De vergunning wordt op verzoek van de vergunninghouder door de minister ingetrokken.

Artikel 12

  • 1. De vergunning kan bij een met redenen omkleed besluit van de minister blijvend of voor een in voornoemd besluit te bepalen termijn worden ingetrokken, indien:

    • a.

      uiteindelijk blijkt dat de vergunninghouder bij het aanvragen van de vergunning opzettelijk valse inlichtingen heeft verstrekt;

    • b.

      de aanvrager of diens schipper(s) na het vervallen van het bewijs van bekwaamheid, een nieuwe niet meer kan verkrijgen, behoudens het bepaalde in het tweede lid;

    • c.

      na herhaalde waarschuwingen het vaartuig waarvoor de vergunning werd verleend, niet voldoet aan de eisen vermeld in artikel 6;

    • d.

      na herhaalde waarschuwingen de aanvrager blijft volharden of doen volharden in het gebruik van en ander vaartuig dan die waarvoor de vergunning is verleend;

    • e.

      de vergunninghouder, naar oordeel de minister, langer dan zes maanden geen gebruik heeft gemaakt van zijn vergunning;

    • f.

      indien de vergunninghouder in een situatie komt te verkeren, dat hij een bewijs van goed gedrag niet kan overleggen;

    • g.

      indien op het schip zich feiten hebben voorgedaan, die de vrees wettigen, dat het van kracht blijven der vergunning gevaar zou opleveren voor de openbare orde, veiligheid of zedelijkheid;

    • h.

      indien de vergunninghouder niet meer kan overleggen een geldige polis, als bedoeld in artikel 4, lid 1 onder g.

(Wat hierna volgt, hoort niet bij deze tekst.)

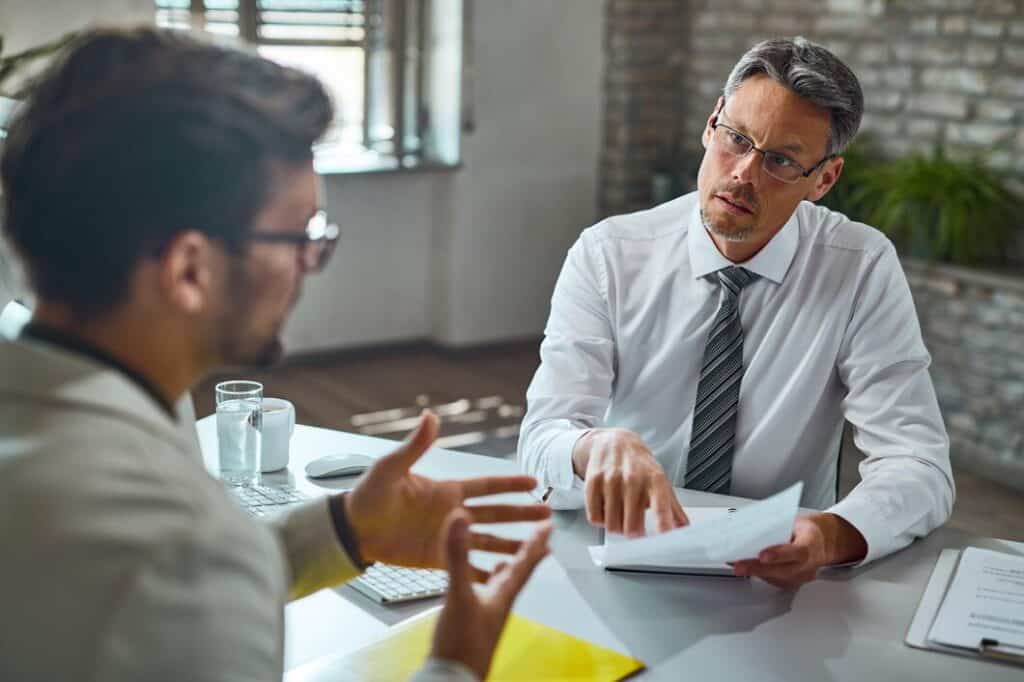 member-human-resource-team-talking-with-candidate-while-reviewing-his-resume-job-interview-office_637285-6535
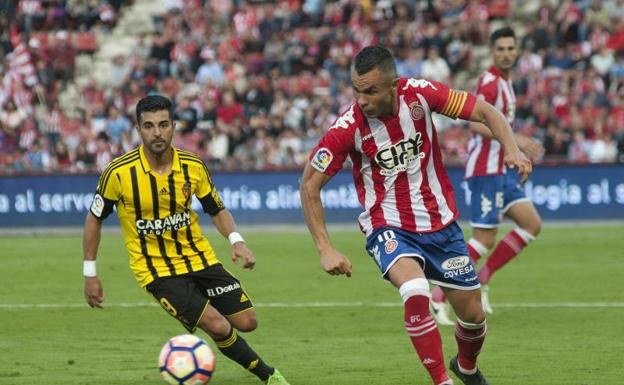 El jugador del Girona Eloy Amagat (d).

  • 2. In het geval, bedoeld in het eerste lid onder b, kan de aanvrager aan de minister verzoeken om gebruik te mogen maken van een andere schipper die in het bezit is van een bewijs als bedoeld in artikel 9 onder b.

Artikel 13

  • 1. Het besluit tot intrekking van de vergunning vermeldt de dag waarop het in werking treedt. Tenzij de minister in bijzondere gevallen anders bepaalt, treedt het besluit niet in werking voordat de termijn van beroep is verstreken of, indien beroep is ingesteld, op het beroep is beslist.

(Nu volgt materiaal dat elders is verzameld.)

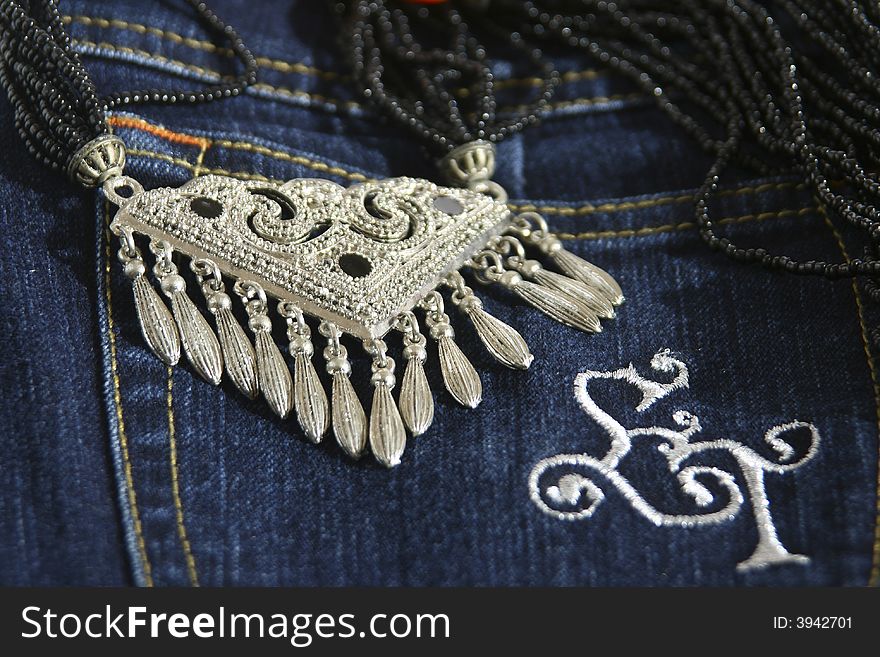 Chinese traditional necklace and jeans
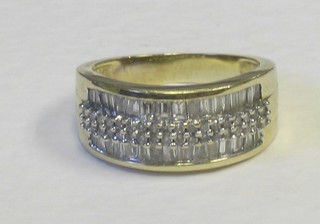A lady's gold dress ring set numerous baguette cut diamonds (approx 1 ct)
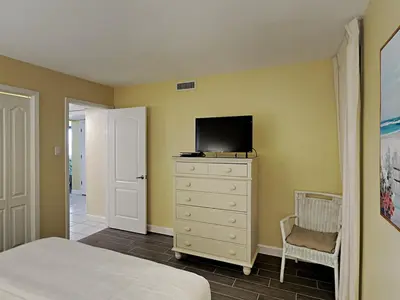 a bedroom with a bed and a tv on a dresser at Edgewater Windward #305 in Panama City Beach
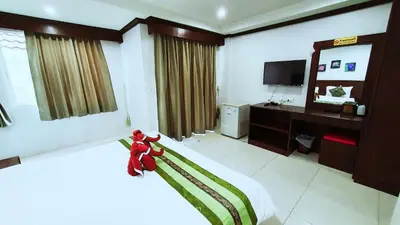 a bedroom with a bed and a desk and a television at Nanai 8 Road \u82ad\u4e1c\u4e00\u5367\u8c6a\u534e\u516c\u5bd3\u4f4d\u7f6e\u4fbf\u5229 in Patong Beach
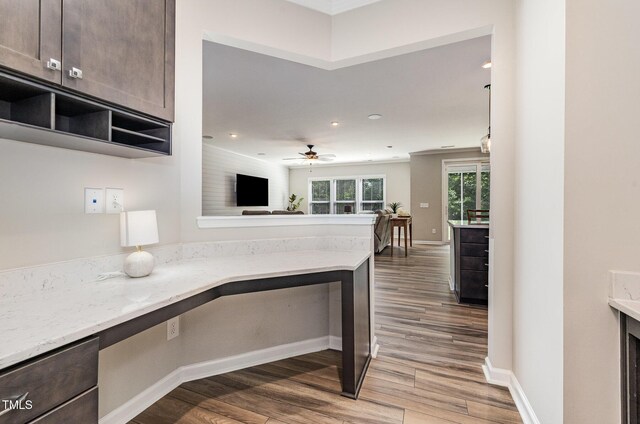 kitchen with dark wood-style floors, dark brown cabinetry, recessed lighting, and baseboards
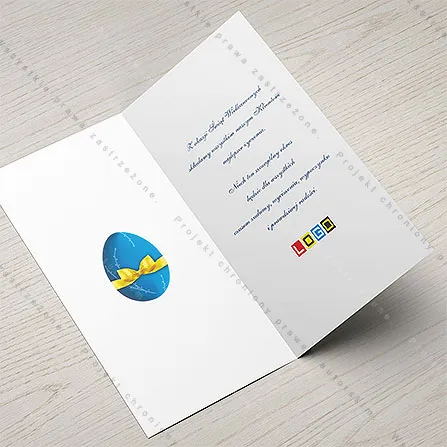 Karnet WN3-111 Błękit i życzenia dwujęzyczne, otwarty na stole, środek z miejscem na życzenia i logo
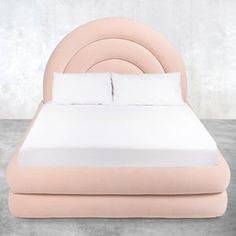 a bed with a pink headboard and white pillows on it's sides, in front of a concrete wall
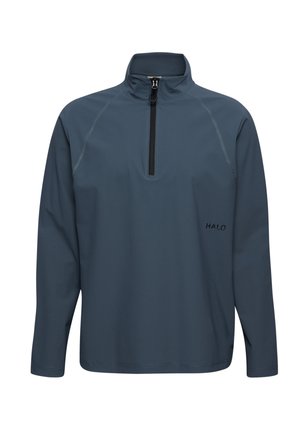 Mørkegrå bluse med lange ærmer, høj krave og halvlange lynlås foran, tekstureret stof og lille "HALO"-logo på brystet.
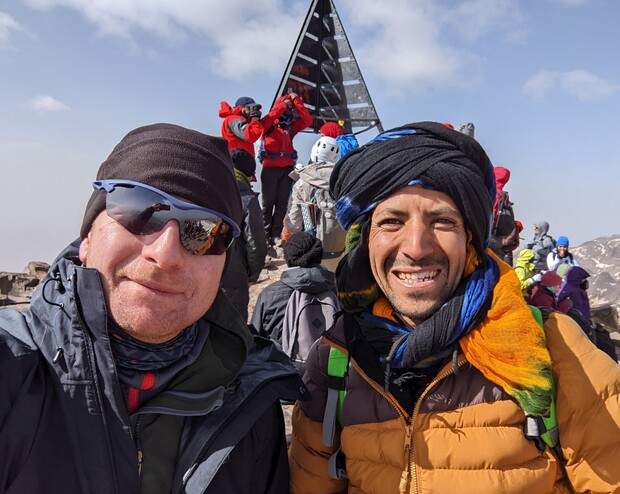 Two people in winter gear pose atop a snowy mountain, smiling. Behind them, a group of climbers gathers around a metal pyramid structure under a clear, cloudy sky.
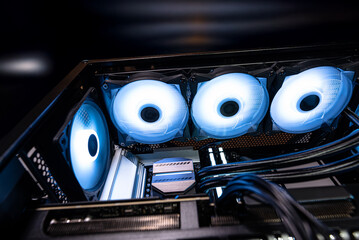 The inside of a modern computer assembled in 2025, showing DDR5 memory and other components.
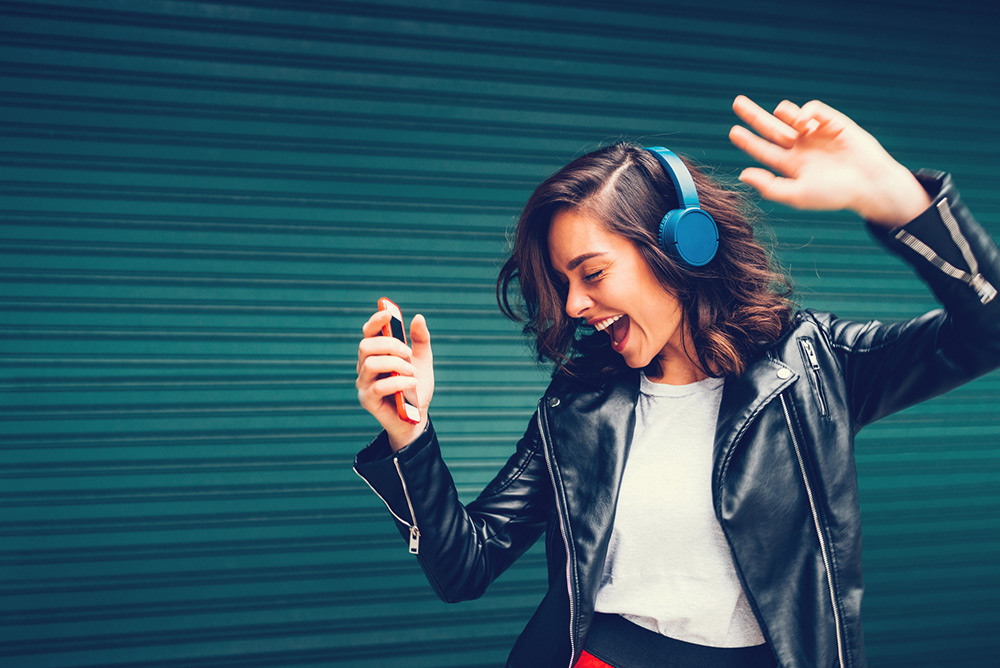 Jeune femme écoutant de la musique avec casque heureuse et énergique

  • 2. Een afschrift van het besluit wordt de belanghebbende bij aangetekende brief toegezonden of tegen gedagtekend ontvangstbewijs uitgereikt.

Artikel 14

[vervallen]

Artikel 15

  • 1.

    Voor de berekening van het vergunningsrecht als bedoeld in artikel 1 onder c, worden de vaartuigen verdeeld als volgt:

    • a.

      de zogenoemde "bareboats" waaronder vallen de charters het vissen ten doel hebbende;

    • b.

      de vaartuigen, welke zich meer dan een zeemijl uit de kust van Sint Maarten begeven met het doel om naar een van de omliggende eilanden te reizen,voor welke vaartuigen een vergunning werd verleend voor het vervoer van:

      • i.

        maximaal 40 passagiers en

      • ii.

        meer dan 40 passagiers;

    • c.

      de vaartuigen, welke binnen een zeemijl van Sint Maarten, rond Sint Maarten/de Collectivité de Saint Martin en in de Simpsonbay Lagoon varen.

  • 2.

    Het vergunningsrecht bedraagt voor de categorie genoemd in het eerste lid onder::

    • a.

      een bedrag van NAf 2.000,- per jaar;

    • b.

      onder i. een bedrag van NAf 100,- per dag;

      onder ii. een bedrag van NAf 250,- per dag en een bedrag van NAf 50,- per dag;

    • c.

      een bedrag van NAf 50,- per dag.

Artikel 16

[vervallen]

Artikel 17

Het vergunningsrecht is verschuldigd door de vergunninghouder.

Artikel 18

  • a.

    Door de Afdeling Financiën wordt voor het vergunningsrecht inningsopdrachten uitgeschreven, welke door de Ontvanger aan de vergunninghouder zullen worden toegezonden.

  • b.

    De vergunninghouder is verplicht het vergunningsrecht te voldoen vóór de vijfde dag van de maand waarvoor het geldt.

  • c.

    Bij niet tijdige betaling zal een boete in rekening worden gebracht van 10% van het oorspronkelijke bedrag.

  • d.

    De Ontvanger is bevoegd de vergunninghouder een inningsopdracht toe te zenden, gebaseerd op een periode van een jaar. Ten aanzien van de invordering van een dergelijke inningsopdracht is deze echter gehouden aan het bepaalde onder b.

Artikel 19

De vergunninghouder is verplicht vóór de aanvang van elke reis een naamlijst op te maken, naar waarheid in te vullen en te ondertekenen.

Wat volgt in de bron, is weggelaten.